Portion of busy thoroughfare to close for 10 days
By Polly Lynn
KILLINGTON — At the past Selectboard Meeting on Tuesday, May 5, several members from the Vermont Agency of Transportation, including Jennifer Fitch, structures project manager, and Gary Sweeny, project engineer, reviewed and discussed the planned replacement of Bridge #33, which is scheduled to take place during the summer of 2018.
The bridge, located just east of Skyeship Gondola on US Route 4, is in poor condition and has been deemed “structurally deficient” by the state. The bridge was built in 1956 and is approximately 69 feet long and 30 feet wide.
Fitch reviewed the other options for bridge repair, including a deck replacement, and deck and superstructure replacement. Ultimately, the state decided that a full bridge replacement would be best. “We really want to get in and then stay out,” she said.
During the estimated 10 day project, the road will be closed. Additionally, the project will result in traffic disruptions, including periodic lane closures, for a couple of weeks before and after the closure.
There will be a local detour, 1.6 miles around via Mission Farm Road; but the major detour for regional traffic and all trucks will be 48 miles, via Routes 100, 103, 7 and 4 passing through Plymouth, Ludlow, Clarendon, Rutland and Mendon, respectively.
According to a recent state traffic study, Bridge #33 carries an average of 5,900 vehicles daily, with a maximum of 820 per hour. Trucks make up 15.4 percent of the traffic.
However, many local attendees questioned these traffic estimates, noting that the averages are not very useful, as the volumes fluctuate greatly depending on the day of the week and the season.
Rev. Lee Alison Crawford, pastor at Church of Our Saviour on Mission Farm Road, was concerned about the volume of local traffic, saying it would be “interesting.” She noted that occasionally an accident has forced Route 4 traffic onto Mission Farm Road as a detour for short periods of time and vehicles always drive too fast.
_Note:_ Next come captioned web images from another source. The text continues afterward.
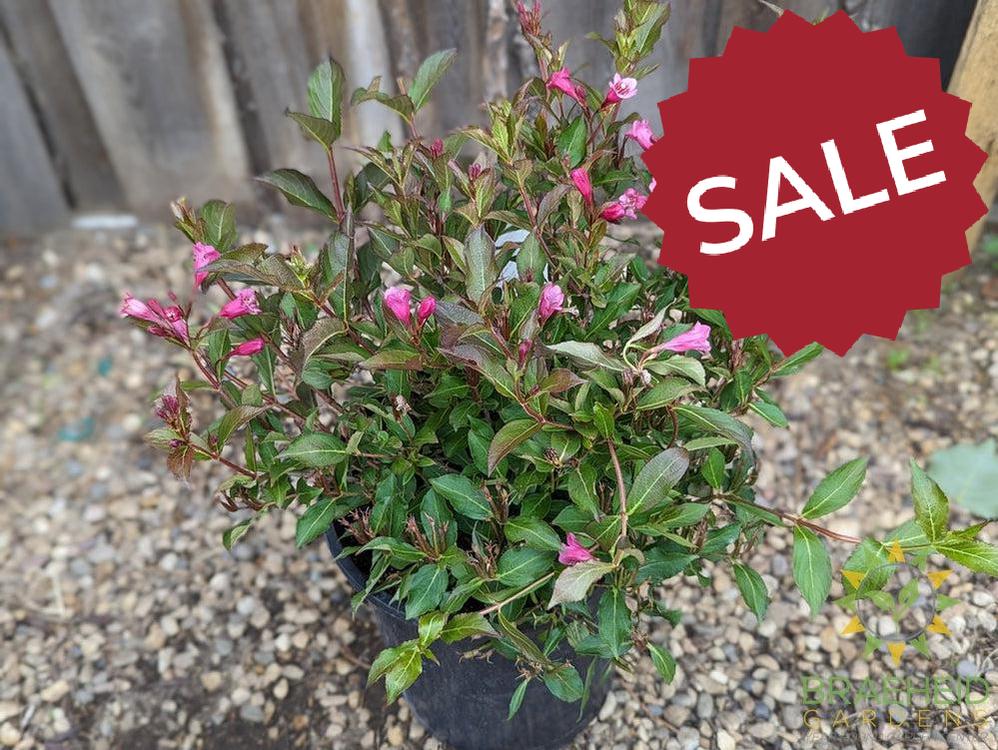 Minuet Weigela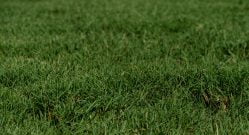 Tifway Bermuda Grass Zoom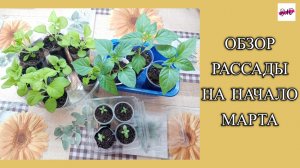 ОБЗОР МОЕЙ РАССАДЫ НА НАЧАЛО МАРТА 2026 ГОДА.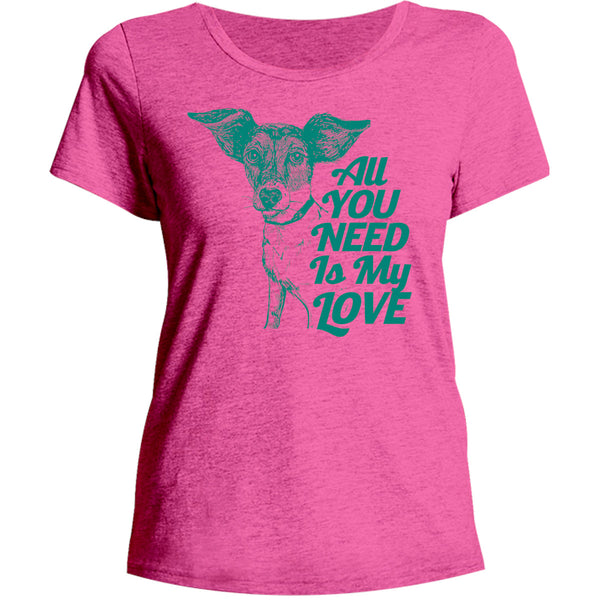 All You Need Is My Love - Ladies Relaxed Fit Tee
The timing for the construction will be determined by a variety of factors, including when fish are spawning in the river and Killington’s event such as the Stage Race, Century Ride, Vermont Challenge, Killington Classic and Spartan Race.
The replacement bridge will be 10 feet wider than the current structure, at 40 feet with two 12-foot travel lanes and two 8-foot shoulders, making popular activities such as walking or biking safer.
The lifespan for the proposed bridge is 80+ years.
The state will pay for the cost of the new bridge and will also have a small allotment to help the town offset any repairs or costs (including enforcement) that are needed due to construction, Killington Town Manager Seth Webb said.